À force, on finirait presque par le croire : le numérique, ce sont des usages, des technologies et des ressources, ne cesse-t-on de nous répéter.
Le numérique des usages rédempteurs
Les usages, les usages, les usages, tout le monde, à tout propos, n’a que ce mot à la bouche ! Pour ma part, je n’en peux plus, je craque. Lisez la littérature sur le numérique éducatif, on ne vous parle que de ça… encore et encore.
Les sites institutionnels ou pas ne manquent pas qui vous proposent une sélection des meilleurs outils numériques, vous donnent moult conseils pour leur utilisation, se proposent de valoriser les usages que vous en faites.
Toute la famille de mots y passe. Il convient, vous répète-t-on, histoire de vous culpabiliser, d’utiliser des outils numériques, de telle manière à outiller les apprentissages.
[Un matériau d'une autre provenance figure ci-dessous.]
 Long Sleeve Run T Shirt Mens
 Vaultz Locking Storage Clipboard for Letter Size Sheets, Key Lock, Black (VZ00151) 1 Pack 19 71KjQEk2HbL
Cela peut être utile.
Oui, mais ce n’est pas très actif.
Le numérique des technologies triomphantes
Autre leitmotiv, celui des technologies — c’est plus moderne que « techniques » — qu’on vous annonce comme, tenez-vous bien, nouvelles — il y aurait tant à dire sur cet anachronisme !
Elles sont à toutes les sauces, éducatives, dites de l’information et de la communication. Comme le U qui s’est glissé dans l’acronyme TUIC qui fait florès dans le premier degré, dans la suite de la compétence 4 du socle commun, on les dit aussi usuelles — tiens ! tiens ! quel savoureux mélange !
Le numérique des ressources bienfaitrices
Là, on est dans la tarte à la crème, bien coulante, bien subventionnée.
Comment, vous n’avez pas d’usages ? Vous êtes mal à l’aise avec les technologies ? Il vous faut des ressources et tout va s’arranger…
Depuis des années, que dis-je ? des décennies, le ministère soutient à bouts de bras une édition éducative moribonde. Jalouse de ses privilèges, incapable de prendre à temps le virage du numérique, de concevoir des objets didactiques interopérables et surtout adaptés aux besoins, elle survit des injections successives massives de subventions publiques.
Récemment, et c’est heureux, on a pris conscience en haut lieu de l’importance des échanges et du partage de ressources entre enseignants, de pair à pair. Tant mieux si, sur les plateformes qu’on nous annonce, ces dernières auront leur place.
Et la culture numérique, b…
C’est la seule valeur qui vaille. Ni rédemptrice, ni triomphante, ni bienfaitrice, elle se construit dans la proximité et la sensualité de la relation humaine, via un paradigme sociétal étonnant et déconcertant. Elle est au centre du cercle, au centre de tout le reste, elle est fondamentale, elle nous construit, chacun d’entre nous, comme nous la construisons ensemble.
C’est bien d’acquérir cette culture numérique échangeable, partagée, commune que chaque enseignant a besoin, plus que d’utiliser des outils, ressources ou technologies. Ne rêvons pas, l’acquérir n’est pas simple, cela demande des efforts, de gros efforts. D’abord se former, au contact de bons formateurs — ils sont bien rares ceux qui ont compris que le numérique était d’abord culturel —, puis confronter sa pratique (ne pas confondre usages et pratiques) à celle des autres, co-construire des savoirs partagés, collaborer enfin.
Ce n’est pas donné à tout le monde. Les efforts produits mettent à mal les potentats, les postures, le confort, les mandarinats, les hiérarchies, les attitudes magistrales, l’autorité. C’est douloureux parfois, mais tellement important.
Oui, la culture se conquiert et ne s’hérite pas, Malraux avait raison dans son Hommage à la Grèce.
Les journalistes, dont je ne cesse de répéter ici qu’ils sont confrontés aux mêmes difficultés et défis que les enseignants, se sont aussi posé ces questions. Mario Tedeschini, sur son blog, nous dit que « le numérique n’est pas une technique à apprendre mais une culture à vivre… »
Ces défis culturels sont posés aux journalistes et aux professeurs mais aussi, dès demain, à tous les citoyens. Vivons-les donc. Ensemble.